Hamilton cycle decompositions of the complete graph

Question

I'm looking for the number of Hamilton cycle decompositions of the labelled complete graph $K_n$ for small $n$. From such a decomposition, we can construct a special type of Latin square (called a row-Hamiltonian Latin square).

Edit: Clearly, we require $n$ to be odd. To ensure that each Hamilton cycle decomposition is counted once, we only include the $n$-cycle permutations $\alpha$ of $\{1,2,\ldots,n\}$ that have $\alpha(1)<\alpha^{-1}(1)$. We also write the decomposition $\alpha\beta\ldots$ such that $\alpha(1)<\beta(1)<\cdots$.

The count for $n=3$ is $1$ counting (123). The count for $n=5$ is $6$, counting the following: $(12345)(13524)$, $(12354)(13425)$, $(12453)(14325)$, $(12435)(13254)$, $(12543)(14235)$ and $(12534)(13245)$. Assuming my code is correct, the count for $n=7$ is $960$.

Answer 1

In Two-factorizations of complete graphs it is stated that $K_9$ has 122 non-isomorphic Hamiltonian decompositions, and the corresponding number for $K_{11}$ is 3140 (EDIT: the actual figure is much more than this - see comment).

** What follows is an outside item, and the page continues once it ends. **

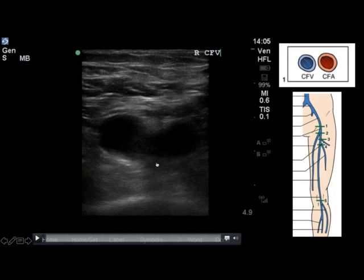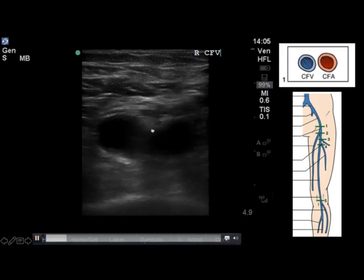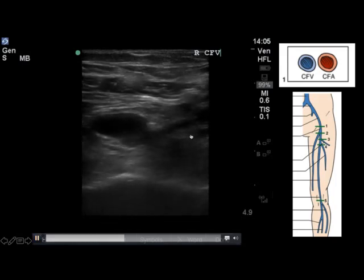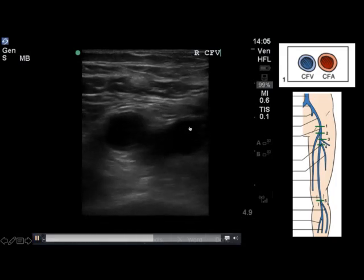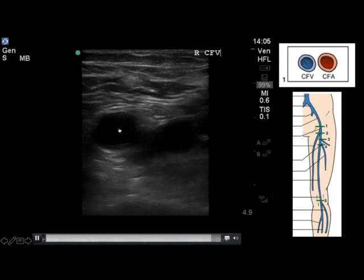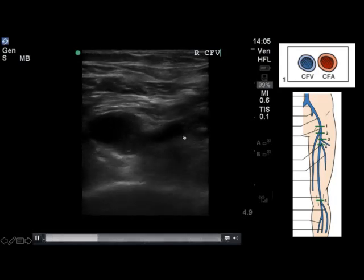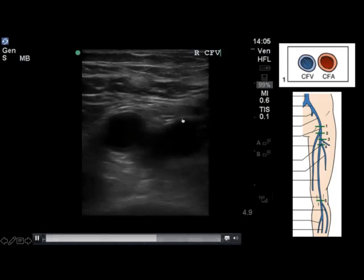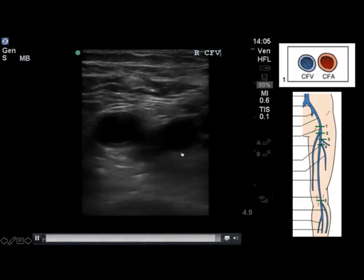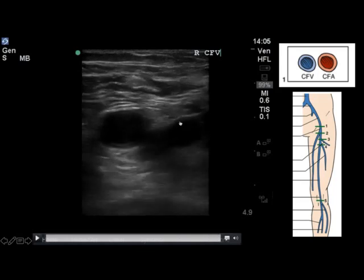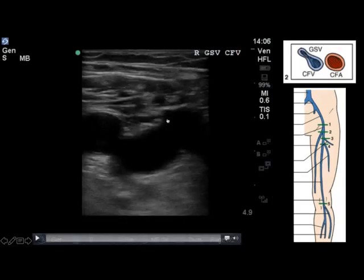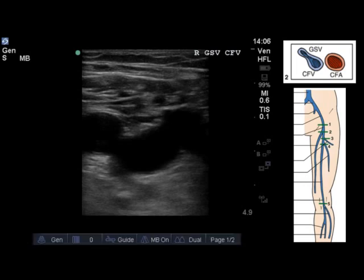Now moving over to the patient's right leg — the right side of the screen is going to be the medial side — you have the common femoral vein lying medial to the common femoral artery. We're able to give things a nice press, oppose the anterior and posterior walls of the vessel, and satisfy ourselves that no clot is present at this key site.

I don't think they know any other values. (Sloane's database does not have any sequences with these numbers in.)

Now you are interested in the labeled case, which may be easier. However I have not been able to find anything (on Google).

Answer 2

Just reporting that I wrote another algorithm for this and found the following values:

3 1
5 6
7 960
9 40037760

I ran this through the superseeker on Sloane and it came up with nothing (so perhaps nobody has counted these before).

Here's my code below (it uses GAP). We generate a (n-1) x n Latin rectangle where each row is an n-cycle and the i-th and (i+(n-1)/2)-th rows are inverses.

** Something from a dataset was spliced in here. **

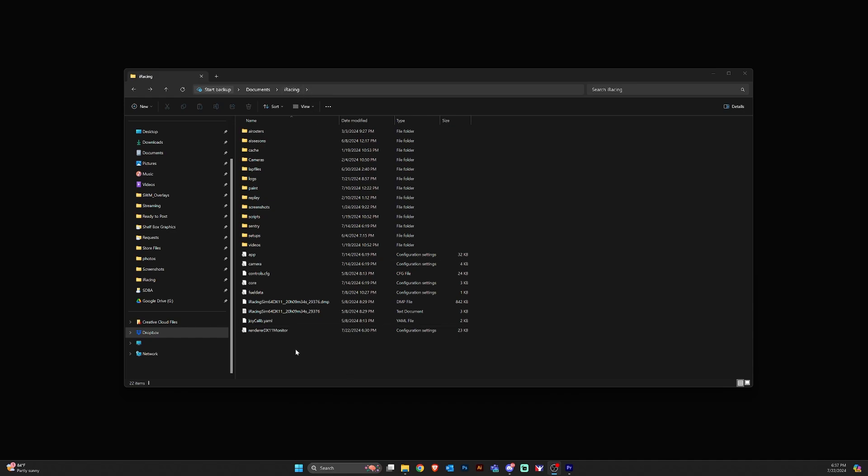You're going to have a render DX11 file that is a configuration file that iRacing pulls settings from to change settings in the sim.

EnumerateHamiltonDecompositionsBacktrackingAlgorithm:=function(n,L,step)
  local i,j,k,count,A;
  i:=Int((step-1)/n)+1;
  j:=(step-1) mod n+1;
  count:=0;

  if(n mod 2=0 or n<3) then return fail; fi;
  if(j=1) then A:=[Minimum(Filtered([2..n],i->ForAll([1..n-1],t->L[t][1]<>i)))]; else A:=Filtered([1..n],s->ForAll([1..n-1],t->L[t][j]<>s) and ForAll([1..n],t->L[i][t]<>s)); fi;
  for k in A do
    L[i][j]:=k;
    L[i+(n-1)/2][k]:=j;
    if((j=n and CycleLengths(PermList(L[i]),[1..n])=[n]) or j<n) then
      if(i=(n-1)/2 and j=n) then count:=count+1;
      else count:=count+EnumerateHamiltonDecompositionsBacktrackingAlgorithm(n,L,step+1); fi;
    fi;
    L[i][j]:=0;
    L[i+(n-1)/2][k]:=0;
  od;
  return count;
end;;

EnumerateHamiltonDecompositions:=function(n)
  local L;
  if(n mod 2=0 or n<3) then return fail; fi;
  if(n=3) then return 1; fi;
  L:=List([1..n-1],i->List([1..n],j->0));
  L[1]:=List([1..n],i->i mod n+1);
  L[1+(n-1)/2]:=ListPerm(Inverse(PermList(List([1..n],i->i mod n+1))));
  return Factorial(n-2)*EnumerateHamiltonDecompositionsBacktrackingAlgorithm(n,L,n+1);
end;;

The extra data point comes from assuming that (12..n) is one of the cycles, then multiplying the result by (n-2)!. This is legitimate since each decomposition contains a unique cycle with the edge 12, and by permuting the remaining n-2 edges, we generate a unique decomposition with the cycle (12..n). There are no automorphisms under this group action, so each orbit has cardinality (n-2)!.

Answer 3

Gah, I commented but my answer was wrong. I don't have a copy of Mathematica available, but here's (I think) a description of how to compute small cases in Mathematica.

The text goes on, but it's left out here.